## TASK PROMPT
No pictures should appear in the copy. Reproduce exactly the lines from the one containing "2014 TOYOTA PRIUS" through the end of the material below.

## RECORDS FOR THE EXERCISE

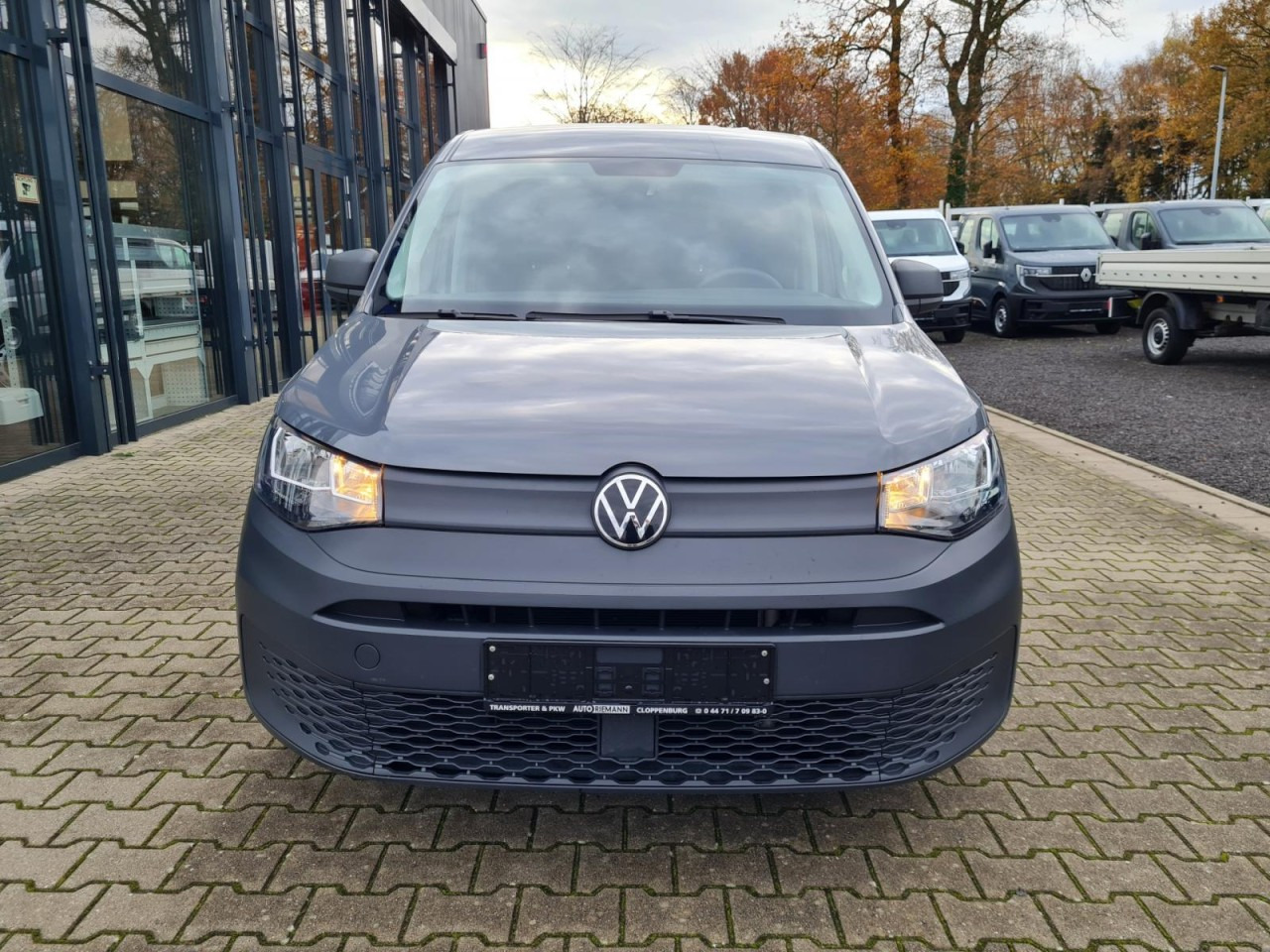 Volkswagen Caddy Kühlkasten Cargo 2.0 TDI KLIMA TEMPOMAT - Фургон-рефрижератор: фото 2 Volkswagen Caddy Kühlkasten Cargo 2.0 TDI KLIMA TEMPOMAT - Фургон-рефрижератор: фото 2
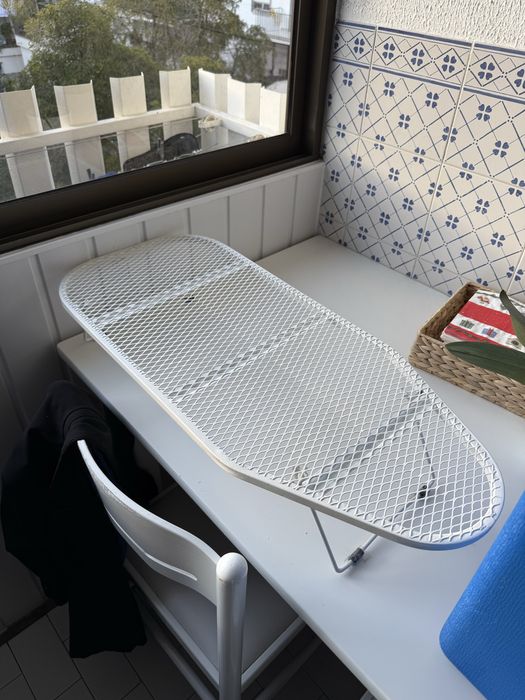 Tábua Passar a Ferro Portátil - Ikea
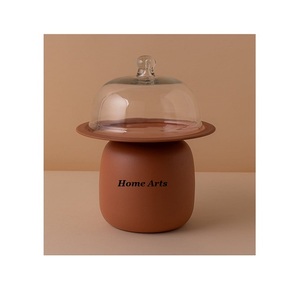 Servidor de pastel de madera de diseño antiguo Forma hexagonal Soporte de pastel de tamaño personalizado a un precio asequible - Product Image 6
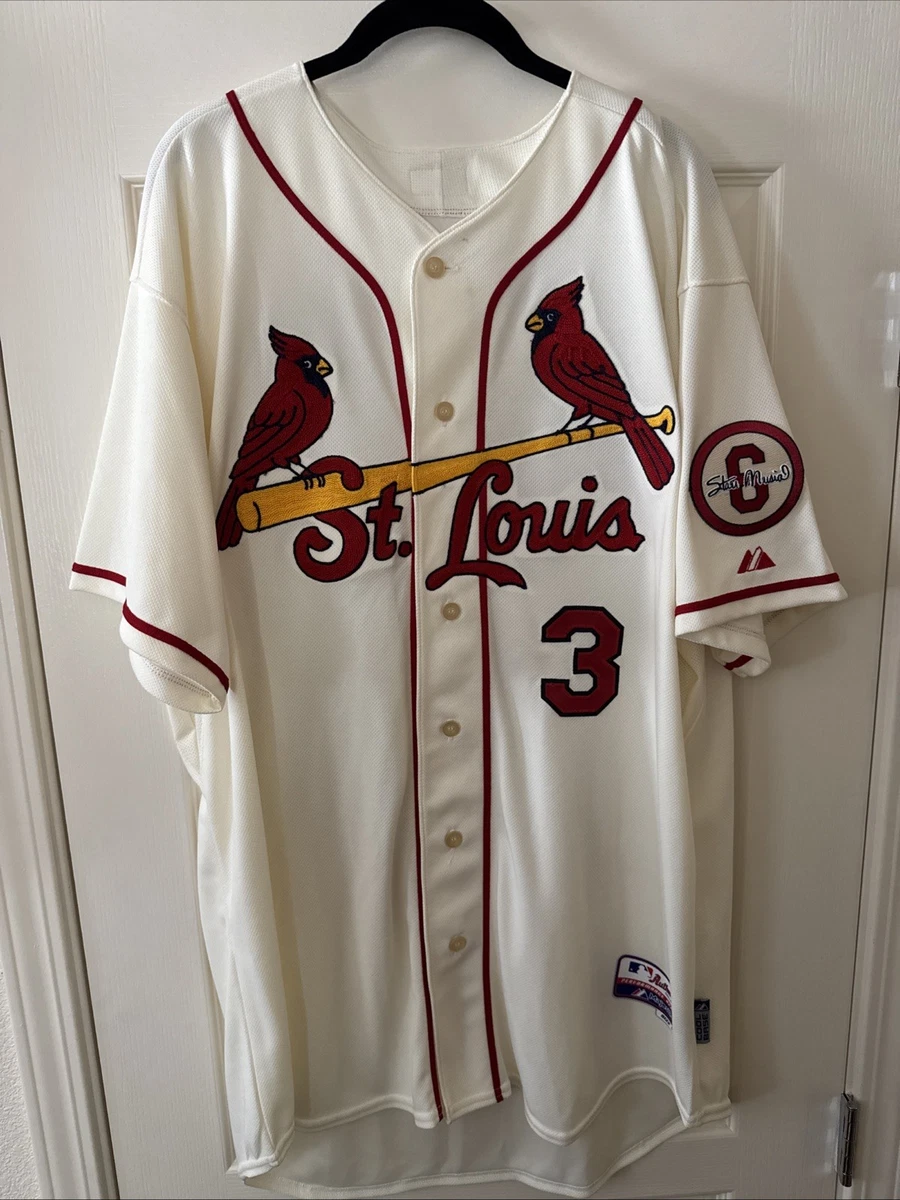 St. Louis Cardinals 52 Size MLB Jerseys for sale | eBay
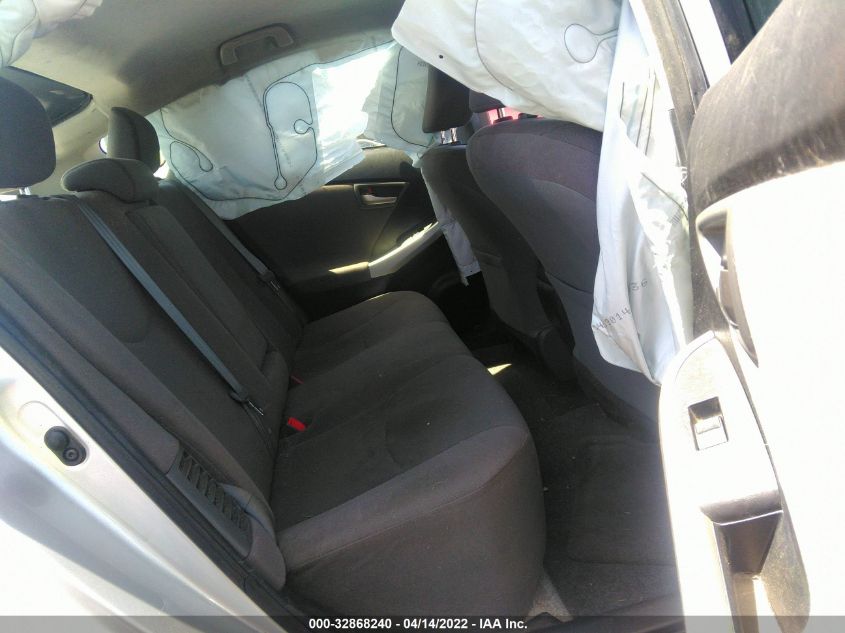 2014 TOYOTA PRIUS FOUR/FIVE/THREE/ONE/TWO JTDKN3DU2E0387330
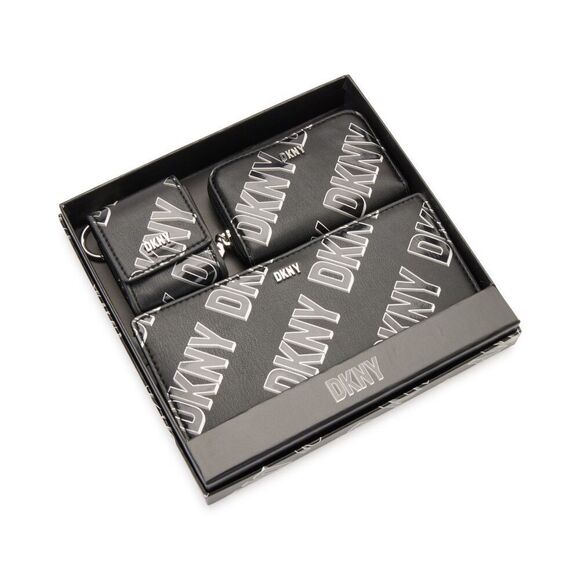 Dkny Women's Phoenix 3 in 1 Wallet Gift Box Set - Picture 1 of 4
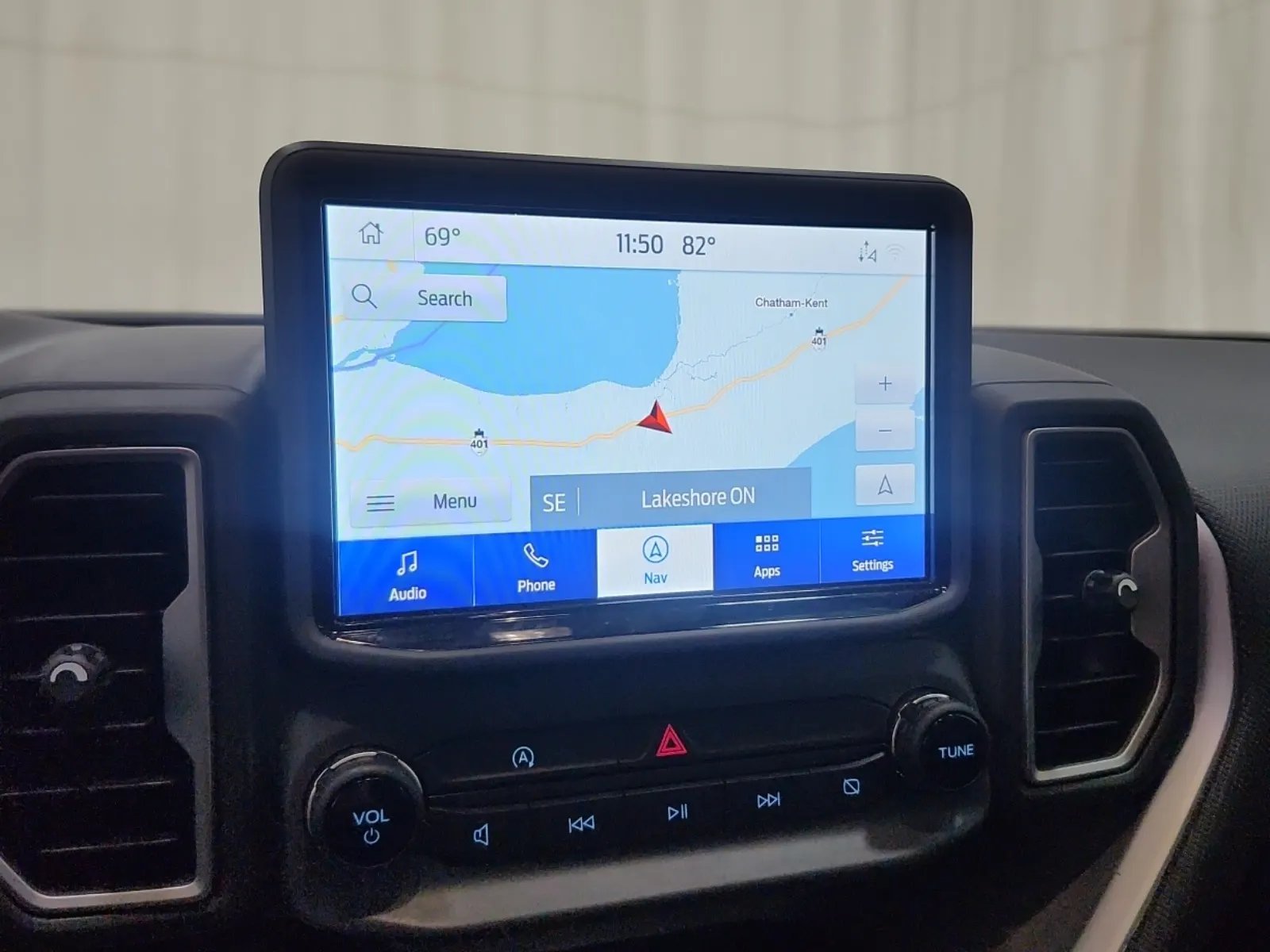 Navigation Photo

## TASK RESULT
 2014 TOYOTA PRIUS FOUR/FIVE/THREE/ONE/TWO JTDKN3DU2E0387330
 Dkny Women's Phoenix 3 in 1 Wallet Gift Box Set - Picture 1 of 4
 Navigation Photo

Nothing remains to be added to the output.